Greenawalt served as the first director of the SHRC for three "very pleasant" years, although the job did not pay "as well as one would expect"! He told Schuman how the Center was created to collect primary materials on Appalachia, but that he wanted to go in a new direction from other Appalachian centers, by focusing on urban Appalachia.
Seeing how Appalachia was typically seen as populated by rural banjo pickers, Greenawalt sought to dispel this stereotype by collecting materials from corporate groups, such as Rueben Robertson of Champion Paper in Canton, as well as Jewish groups.
|Bruce Greenawalt, 1976 [UA12.3, FS5744]|
Greenawalt was also aware that African American involvement in Appalachian history had been overlooked and, as part of 'trying to get away from the single vision of the Anglo Saxon pioneer", he was "on the prowl" for materials covering black history.
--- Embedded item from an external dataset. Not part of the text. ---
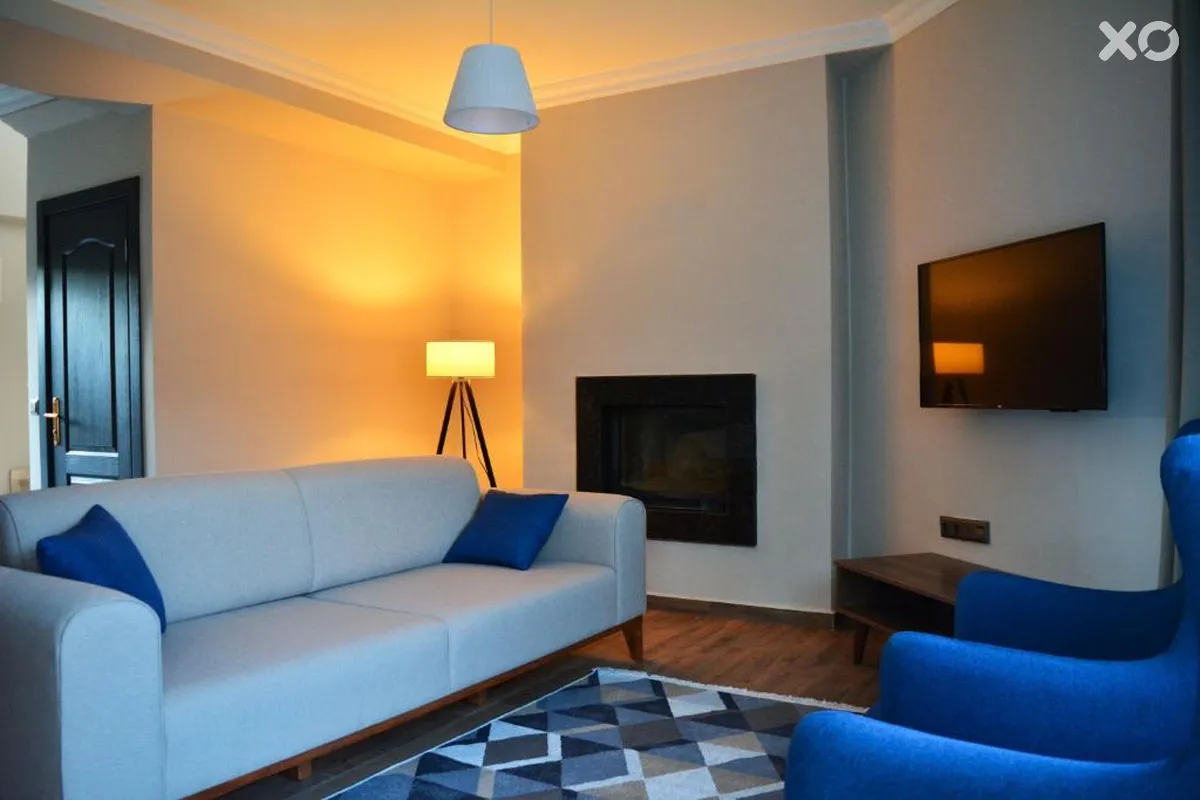 Kemer Babel Residence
The SHRC had inherited a large number of oral histories collected by Dr. Louis Silveri and, from following up with a number of Silveri's interviewees, Greenawalt connected with Lucy Herring. Greenawalt's promise to find a place at the SHRC for any materials Lucy Herring collected and organized, led to the Heritage of Black Highlanders Collection, one of the first created by the SHRC after it was formed in 1977.
All of this was done with "no real money" to support the SHRC, and minimal staffing. In addition to himself, Greenawalt recalled that the staff comprised, student help, a half-time senior supported by government funding, a young photographer from CETA, and a typist.
Forty years on, Special Collections is still building on the foundations that they laid down.